### INPUT RECORDS
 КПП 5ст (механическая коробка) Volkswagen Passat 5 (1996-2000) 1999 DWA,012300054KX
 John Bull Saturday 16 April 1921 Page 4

--

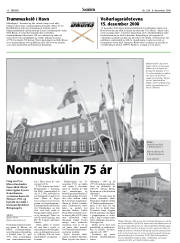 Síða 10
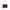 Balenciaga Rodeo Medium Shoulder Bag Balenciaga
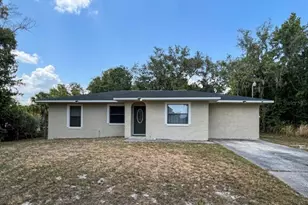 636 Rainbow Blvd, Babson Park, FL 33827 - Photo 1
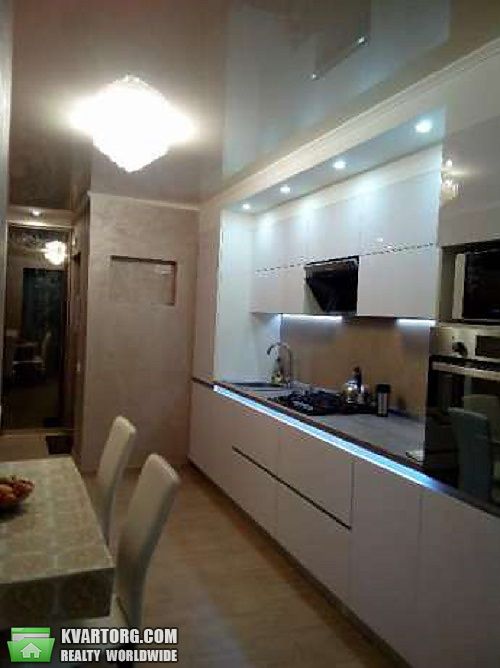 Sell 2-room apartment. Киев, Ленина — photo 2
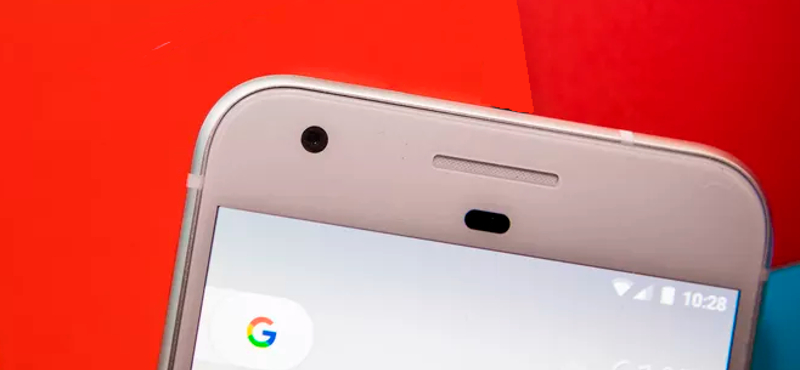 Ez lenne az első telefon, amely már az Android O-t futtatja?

### WORK INSTRUCTION
From the data above, return only the lines starting at the line that holds "Balenciaga Rodeo Medium" and ending at the line that holds "Ez lenne az", word for word and without pictures.

### ANSWER FOR THIS EXERCISE
 Balenciaga Rodeo Medium Shoulder Bag Balenciaga
 636 Rainbow Blvd, Babson Park, FL 33827 - Photo 1
 Sell 2-room apartment. Киев, Ленина — photo 2
 Ez lenne az első telefon, amely már az Android O-t futtatja?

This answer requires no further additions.